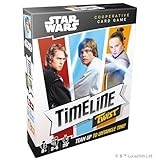 タイムラインツイストスターウォーズエディション - 象徴的な映画のシーンをアレンジ!協力的なトリビアゲーム、子供と大人のための楽しいファミリーゲーム、対象年齢8歳以上、2-6人用、20分プレイ時間、Zygomatic製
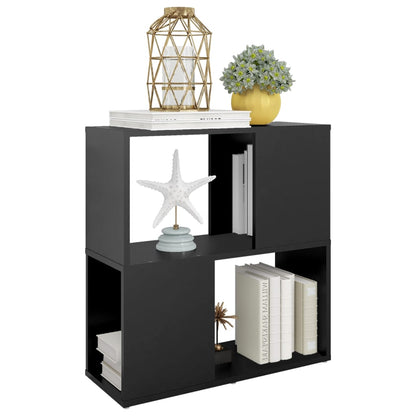 Libreria Nera 60x24x63 cm in Truciolato | homemem39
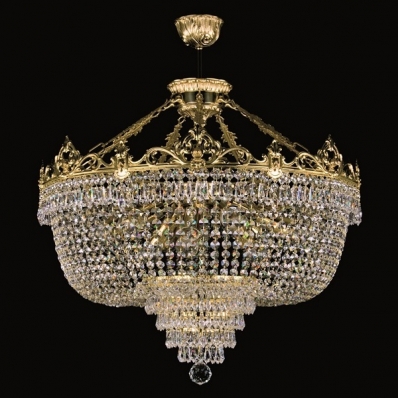 Люстра Art Glass CORINA III. Crystal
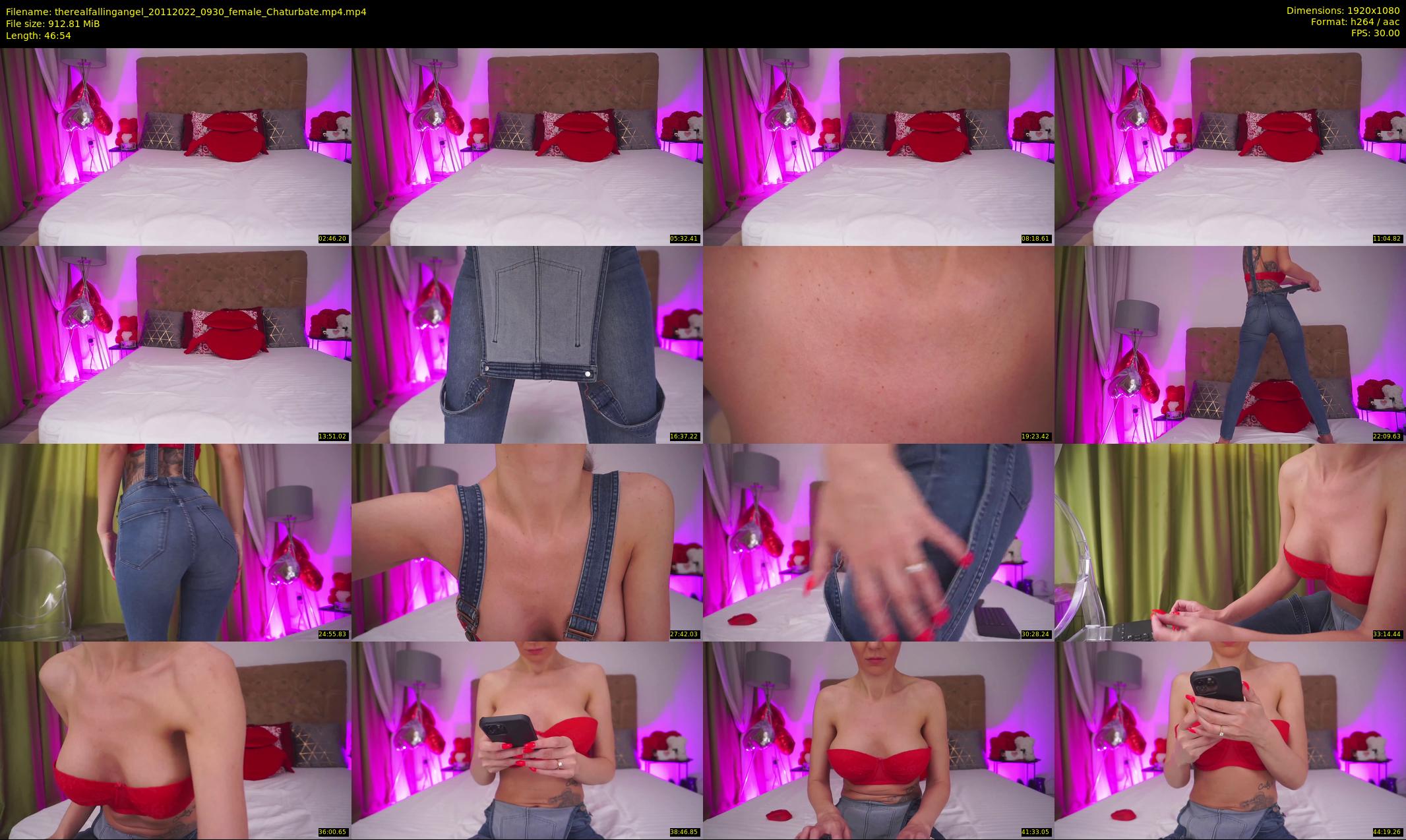 therealfallingangel — 47 minute Chaturbate female cam show recording, 1080p, Nov 20, 2022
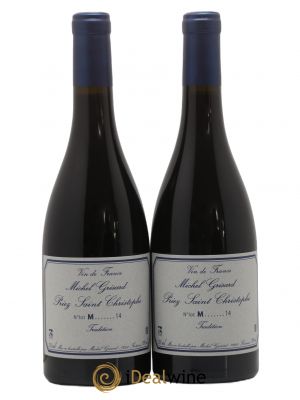 Vin de France Priez Saint Christophe Michel Grisard  2014 - Lot de 2 Bouteilles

ABOUT THIS EXERCISE
Write every entry out again exactly, dropping the pictures.

RESULT OF THIS EXERCISE
 タイムラインツイストスターウォーズエディション - 象徴的な映画のシーンをアレンジ!協力的なトリビアゲーム、子供と大人のための楽しいファミリーゲーム、対象年齢8歳以上、2-6人用、20分プレイ時間、Zygomatic製
 Libreria Nera 60x24x63 cm in Truciolato | homemem39
 Люстра Art Glass CORINA III. Crystal
 therealfallingangel — 47 minute Chaturbate female cam show recording, 1080p, Nov 20, 2022
 Vin de France Priez Saint Christophe Michel Grisard  2014 - Lot de 2 Bouteilles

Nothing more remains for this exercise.